Accueil > Actualité ciné > Critique > Jack Reacher : Never Go Back mardi 18 octobre 2016

Critique Jack Reacher : Never Go Back

© 2016 James Chiabella / Paramount Pictures. All Rights Reserved

La routine, par Josué Morel

Jack Reacher : Never Go Back

réalisé par Edward Zwick

Jack Reacher : Never Go Back est un film paradoxal, jusque dans son titre qui semble autant désigner la condition de Reacher (celle du soldat qui « ne revient jamais » vraiment de la guerre – dixit son nouveau rival et alter ego) que formuler une promesse de fuite en avant de l’action et du récit. Or dans ce deuxième volet, Jack Reacher fait au contraire marche arrière : il revient à Washington, là où il a officié jadis comme soldat avant de devenir un vigilante bourlinguant aux quatre coins de l’Amérique, et se retrouve par ailleurs rattrapé par son passé avec l’apparition d’une jeune fille qui pourrait bien être la sienne. Ces deux éléments qui font office de fondations narratives pour ce thriller bien peu inspiré sont aussi l’occasion de pourvoir deux partenaires de jeu à Reacher : une gradée tombée soudainement et injustement en disgrâce et l’adolescente dont Reacher serait potentiellement le père.
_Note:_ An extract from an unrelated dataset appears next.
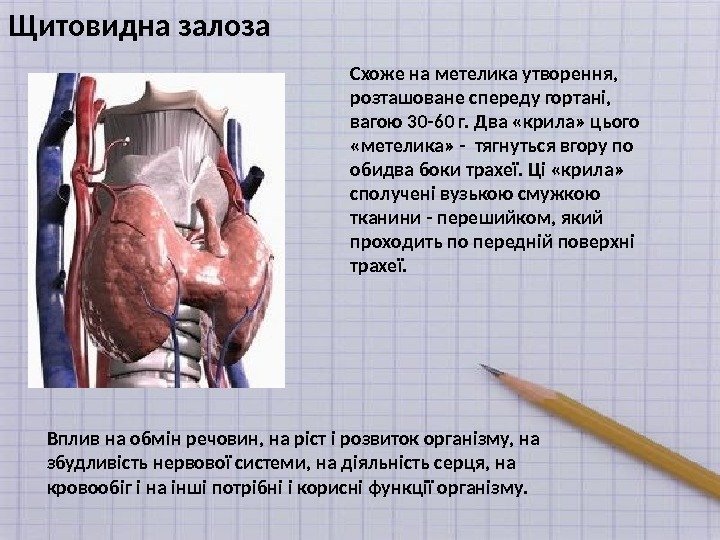 Щитовидна залоза Схоже на метелика утворення,  розташоване спереду гортані,  вагою 30 -60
La formation de cette famille improvisée, qui marque un pas de côté par rapport au précédent volet, empêche surtout Never Go Back de renouer avec la spécificité du premier Jack Reacher qui, sans être un grand film, exacerbait très bien la tendance des derniers longs-métrages avec Tom Cruise à être avant tout et presque exclusivement des films sur Tom Cruise [1]. Petit traité de fétichisme où l’acteur rayonnait de mille feux, Jack Reacher offrait à son interprète un nouveau terrain de jeu modeste mais parfaitement en adéquation avec ce que Tom Cruise fait aujourd’hui le mieux : se placer tout entier au centre de films d’actions sans grande envergure mais taillés sur mesure. L’échec de ce deuxième volet tient justement au décentrage qu’il opère vis-à-vis de la star, qui se voit accompagnée de plusieurs doubles : double amoureux (la major, qui partage avec lui la même rigidité militaire), double filial (l’adolescente, qui fait étalage de la même astuce), double maléfique (l’ex-soldat qui le pourchasse).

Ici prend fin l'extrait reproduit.